**YOUR INSTRUCTIONS:** Reproduce exactly the lines below, starting at the line that contains "Nayanthara, Vignesh Shivan" and ending with the last line of the records, both included; leave out any pictures.

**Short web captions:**
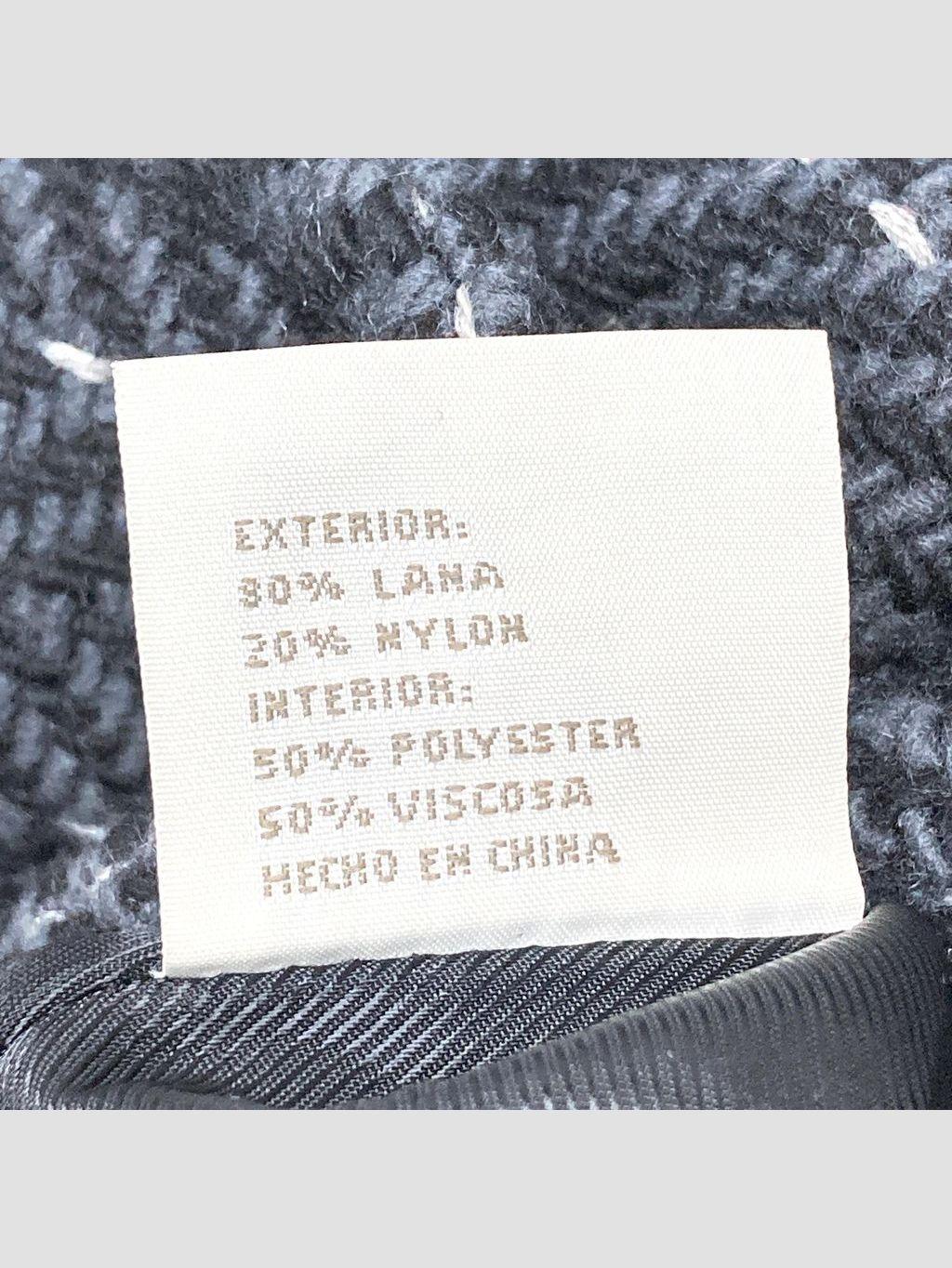 Abrigo SAVILLE ROW - Talla S (VOP01042288)-2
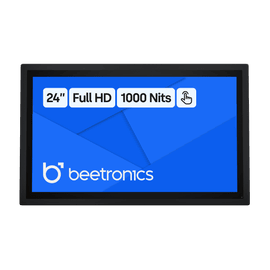 24 Inch Touchscreen Metaal (High-Brightness)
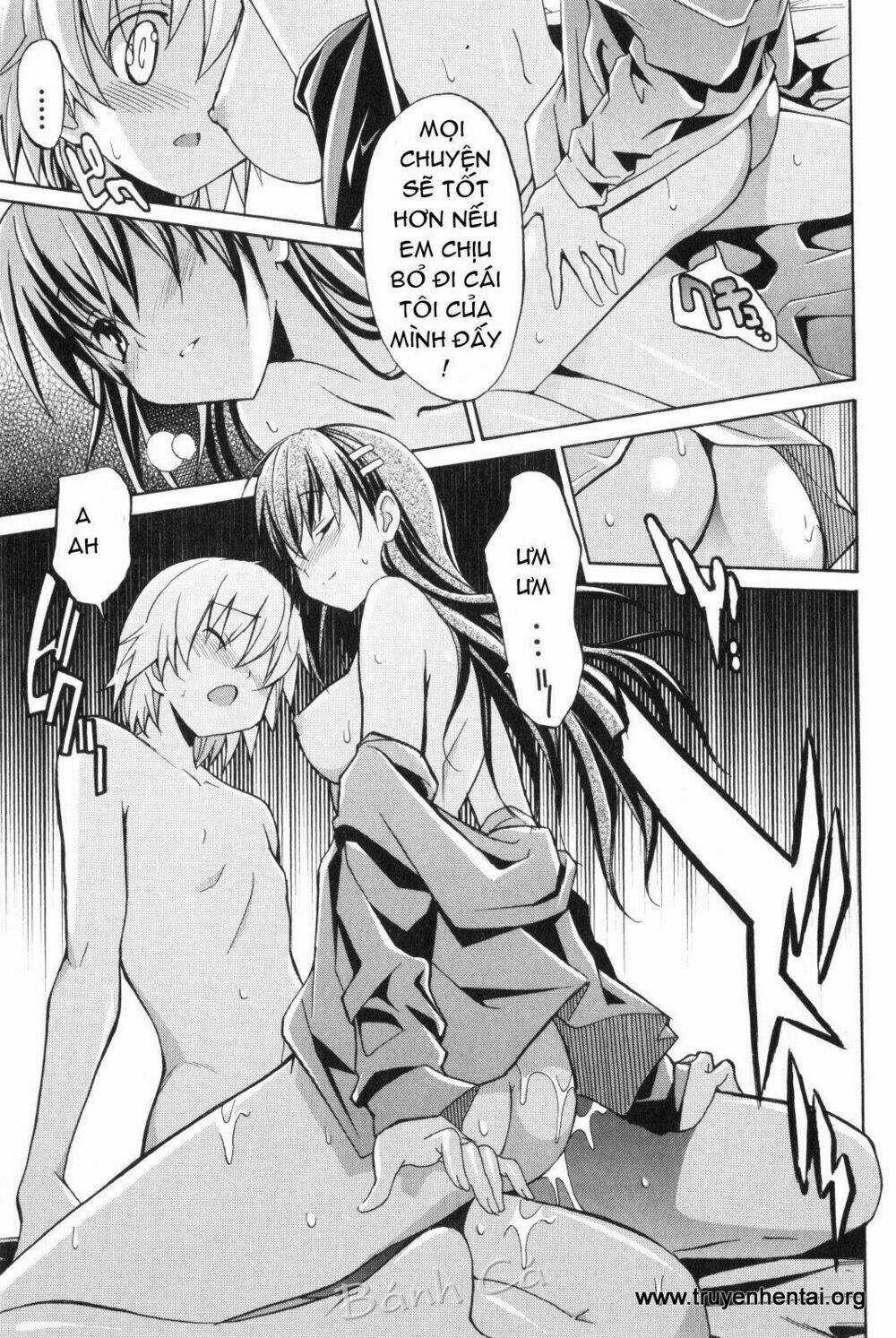 Aki-Sora - Chapter 6 - Trang 22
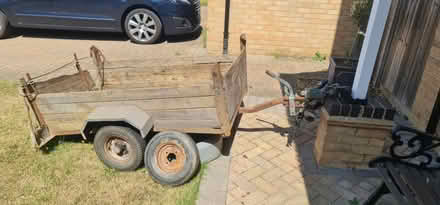 Photo of free Old Trailer (Chelmsford CM1) #3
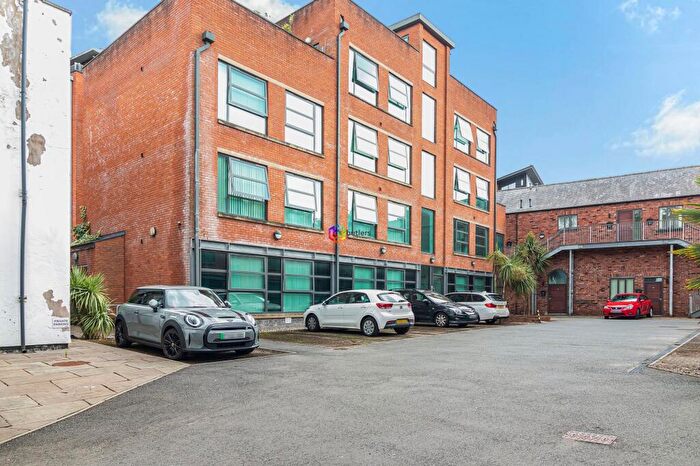 1 Bedroom Apartment To Rent In Mowbray Street, Union Forge, S3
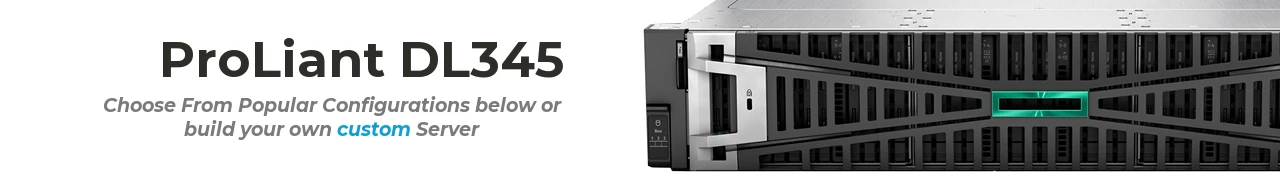 ProLiant DL345 Gen12 Servers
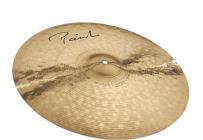 PAISTE Signature Dark Energy Crash Mark I 18"
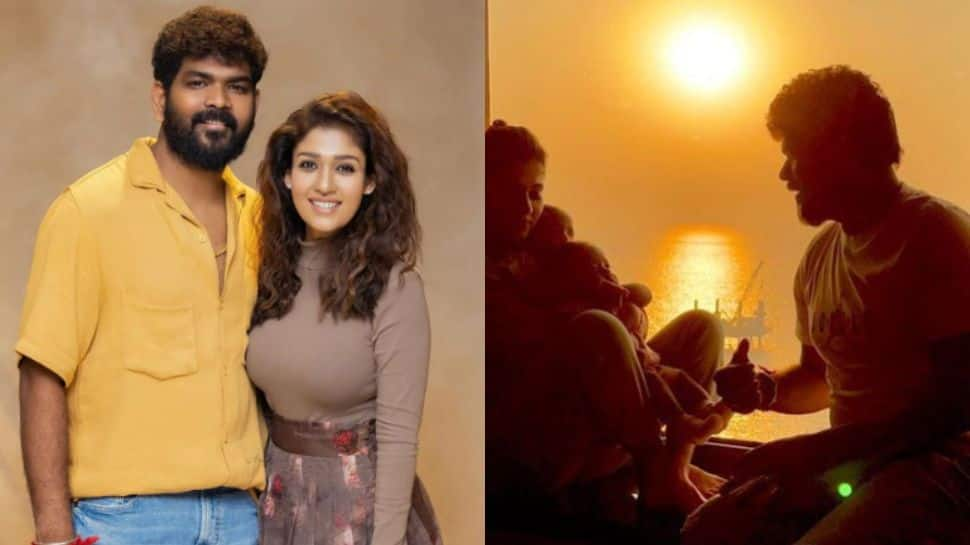 Nayanthara, Vignesh Shivan Reveal Full Names Of Their Twin Sons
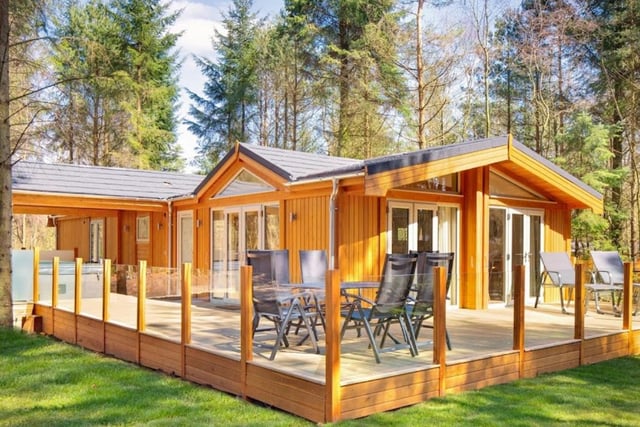 Landal Darwin Forest, Two Dales, Matlock, DE4 5PL. Rating: 4.7/5 (based on 929 Google Reviews). "Lovely site. Woodland walks set out well. Just what we needed to relax."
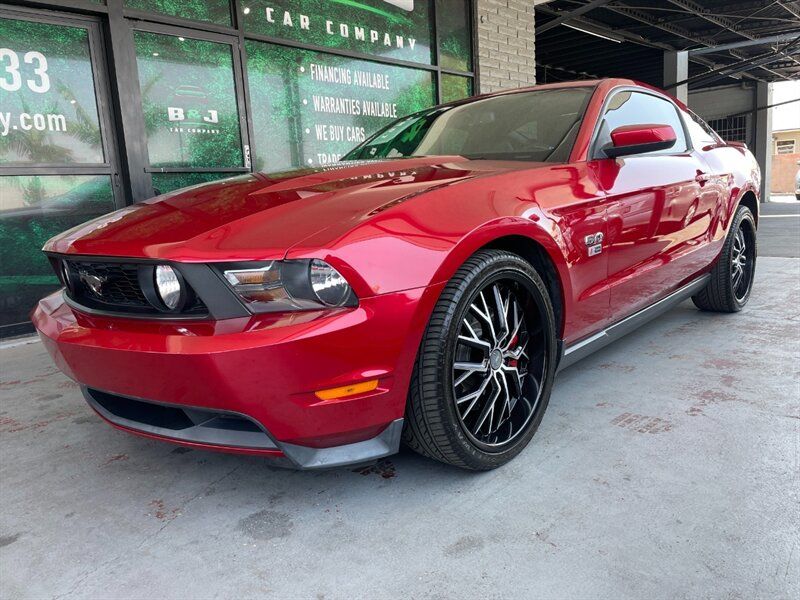 2011 Ford Mustang GT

**ANSWER AREA:**
 Nayanthara, Vignesh Shivan Reveal Full Names Of Their Twin Sons
 Landal Darwin Forest, Two Dales, Matlock, DE4 5PL. Rating: 4.7/5 (based on 929 Google Reviews). "Lovely site. Woodland walks set out well. Just what we needed to relax."
 2011 Ford Mustang GT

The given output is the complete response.